EXERCISE INSTRUCTIONS >> Only a number is wanted here: the count of lines in the entries below that include the word "home".

Scraped caption text data:
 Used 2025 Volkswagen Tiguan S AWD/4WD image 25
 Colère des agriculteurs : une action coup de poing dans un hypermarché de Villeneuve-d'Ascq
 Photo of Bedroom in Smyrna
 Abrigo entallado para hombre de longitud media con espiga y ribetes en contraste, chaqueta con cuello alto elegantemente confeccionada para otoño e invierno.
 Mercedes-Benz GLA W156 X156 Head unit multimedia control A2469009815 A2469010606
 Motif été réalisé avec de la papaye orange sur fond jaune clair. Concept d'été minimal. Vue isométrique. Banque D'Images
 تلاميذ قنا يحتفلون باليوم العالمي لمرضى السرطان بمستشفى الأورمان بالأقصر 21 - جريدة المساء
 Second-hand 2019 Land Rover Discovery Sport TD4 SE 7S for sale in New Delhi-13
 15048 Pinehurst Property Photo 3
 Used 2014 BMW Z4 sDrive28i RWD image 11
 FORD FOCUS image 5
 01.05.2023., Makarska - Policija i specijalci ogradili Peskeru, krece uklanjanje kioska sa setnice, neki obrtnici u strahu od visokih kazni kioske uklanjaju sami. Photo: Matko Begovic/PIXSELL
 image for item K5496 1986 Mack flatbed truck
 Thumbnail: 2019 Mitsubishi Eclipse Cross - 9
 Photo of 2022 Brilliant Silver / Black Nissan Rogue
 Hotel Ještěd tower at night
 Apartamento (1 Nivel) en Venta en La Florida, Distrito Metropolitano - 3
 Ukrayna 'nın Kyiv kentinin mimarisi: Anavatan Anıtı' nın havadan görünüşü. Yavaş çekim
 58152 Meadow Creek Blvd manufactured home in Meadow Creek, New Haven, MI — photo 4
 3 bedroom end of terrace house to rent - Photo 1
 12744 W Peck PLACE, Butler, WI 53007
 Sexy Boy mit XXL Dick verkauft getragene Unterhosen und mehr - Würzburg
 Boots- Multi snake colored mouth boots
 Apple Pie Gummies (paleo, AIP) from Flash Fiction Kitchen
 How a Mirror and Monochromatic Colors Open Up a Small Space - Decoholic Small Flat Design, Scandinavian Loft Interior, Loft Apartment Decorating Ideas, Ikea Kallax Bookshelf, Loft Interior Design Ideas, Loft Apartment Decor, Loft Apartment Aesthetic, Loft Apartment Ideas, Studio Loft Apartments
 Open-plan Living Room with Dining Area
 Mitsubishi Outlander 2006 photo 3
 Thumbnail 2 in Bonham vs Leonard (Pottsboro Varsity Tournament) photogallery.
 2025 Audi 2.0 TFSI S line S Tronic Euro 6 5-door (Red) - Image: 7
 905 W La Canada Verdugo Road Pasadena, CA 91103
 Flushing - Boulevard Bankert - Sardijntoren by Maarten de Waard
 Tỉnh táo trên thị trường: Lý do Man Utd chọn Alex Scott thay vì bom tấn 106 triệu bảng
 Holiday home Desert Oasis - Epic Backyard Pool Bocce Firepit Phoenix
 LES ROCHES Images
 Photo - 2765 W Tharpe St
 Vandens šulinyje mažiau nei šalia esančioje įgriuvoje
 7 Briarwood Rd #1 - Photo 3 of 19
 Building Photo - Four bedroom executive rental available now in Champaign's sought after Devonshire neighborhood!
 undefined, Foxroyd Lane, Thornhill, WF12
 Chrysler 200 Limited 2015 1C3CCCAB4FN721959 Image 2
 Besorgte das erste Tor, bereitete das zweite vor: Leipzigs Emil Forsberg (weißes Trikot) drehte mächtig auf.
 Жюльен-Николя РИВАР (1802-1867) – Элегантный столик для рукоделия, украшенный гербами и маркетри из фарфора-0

RESULT OF THIS EXERCISE >> 2